Trading at a 6 percent discount to other emerging markets, GCC equities were predicted to enjoy a period of growth in 2013 and, according to the barometer, are set to return between 10 and 15 percent with Saudi Arabia, Qatar and the UAE poised to out-pace the rest of the region.
Saudi Arabia, Qatar and the UAE remain particularly attractive from a valuations perspective, with banking and petrochemicals across all three – both underleveraged and offering high dividends – seen as the stocks likely to do well in 2013.
The sound economic fundamentals of the GCC will help it to consolidate the safe-haven status it acquired through the political dislocation created by the Arab Spring.
According to Barometer respondents it has done particularly well from wider MENA investment, with 85 percent of regional managers, citing inflows from MENA countries outside the GCC. Participants in an Invesco study believed that the wider-MENA capital flowing into the GCC – with a bias toward Saudi, UAE and Qatar, was driven by the factors in Fig 6.
This flow of wider-MENA capital into the GCC, which has mostly found a home in money market funds, is expected by Barometer respondents to continue in the short to medium term, with many expecting these ‘safe’ inflows to take on a more ‘risk-on’ guise as investors “latch on to a new economic cycle” and show an appetite for “moving up the yield curve” and “taking on more risk”.
Managers responded positively to this trend of de-risking - seeing it as an opportunity to improve liquidity and inject fresh money into the market - and are planning to launch a batch of new equity, fixed income, Shariah-compliant and property strategies in 2013 to meet demand. Although keen to make the most of the attraction of this safe haven status, managers are concerned that the benefits of political stability could be short term, with a reversal in flows once the political situation elsewhere in MENA begins to ease. Many of the recent inflows are still held in money market funds – the traditional home for short-term investments.
This means that the flow of capital to the GCC may slow over time, although economically attractive centers like Qatar, UAE and Saudi are expected to maintain momentum. Key differences in the GCC and harmonization Despite the structural unifier of the GCC, there remains a series of important differentiators between the economies that make up this union. The asset management firms that reported to the Barometer described UAE, Saudi Arabia and Qatar as all poised to experience consistent growth in 2013.
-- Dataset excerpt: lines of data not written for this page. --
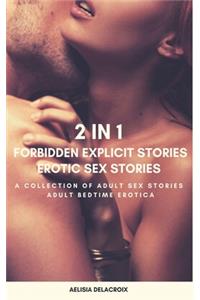 2 in 1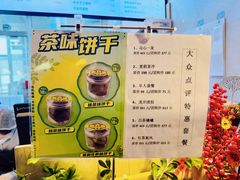 -吴裕泰茶庄(前门大街店)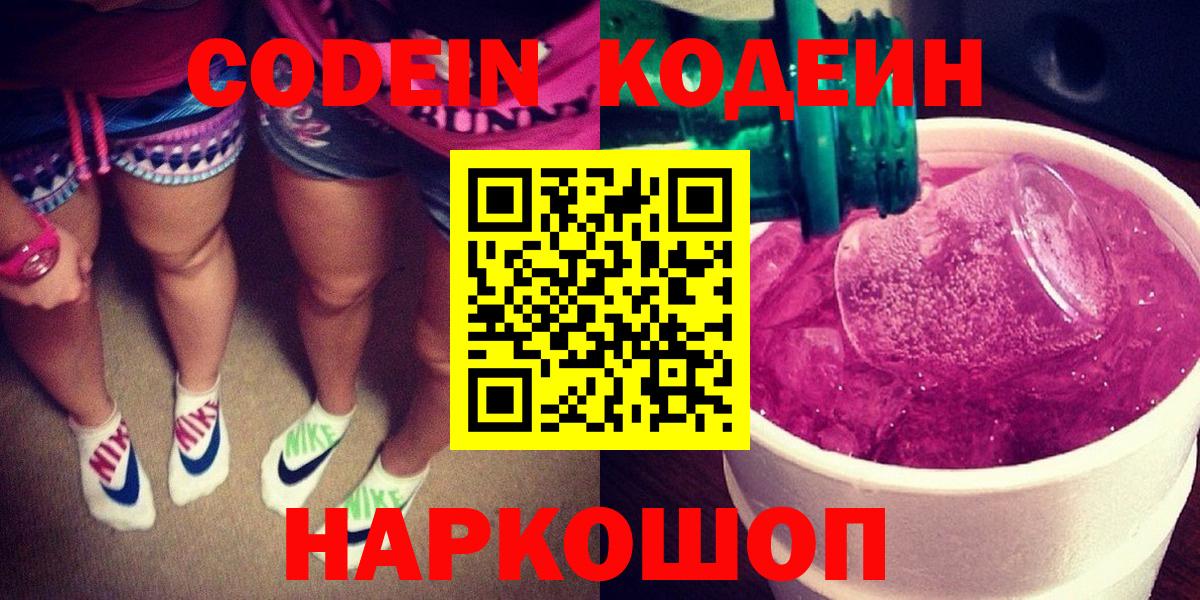 Кодеин напиток Lean (лин)  Кодеин напиток Lean (лин)  Грозный  Вход с VPN 
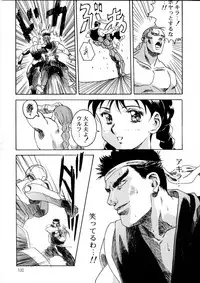 (C49) [Henreikai (Various)] Henreikai Special Vol. 9 (Various)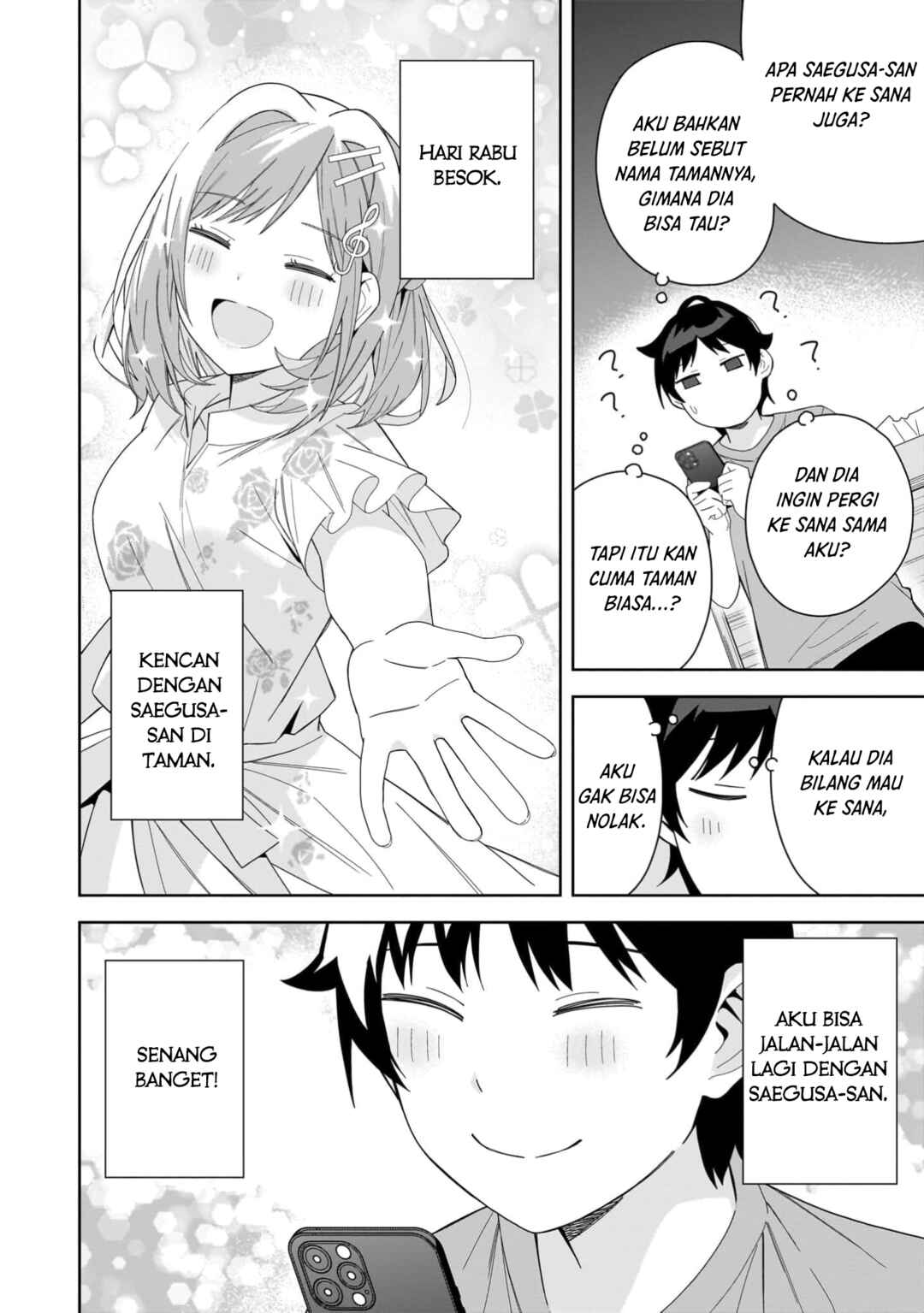 Classmate no Moto Idol ga, Tonikaku Kyodou Fushin nandesu. Chapter 13 - Page 18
While Kuwait and Bahrain were all tipped to emerge more slowly. Managers – who were still fully expectant of inflows stemming from the wider-MENA region, as well as global investors – also described the flow of capital between GCC principals as stilted, despite the economic partnership.
A handful of regional banks and distribution platforms sit outside this prevailing trend - HSBC, Citi, and Bank of America Merrill Lynch all have successful cross-border distribution networks and have been the true beneficiaries of the recent political uncertainty, because they are seen as safe havens from domestic strife.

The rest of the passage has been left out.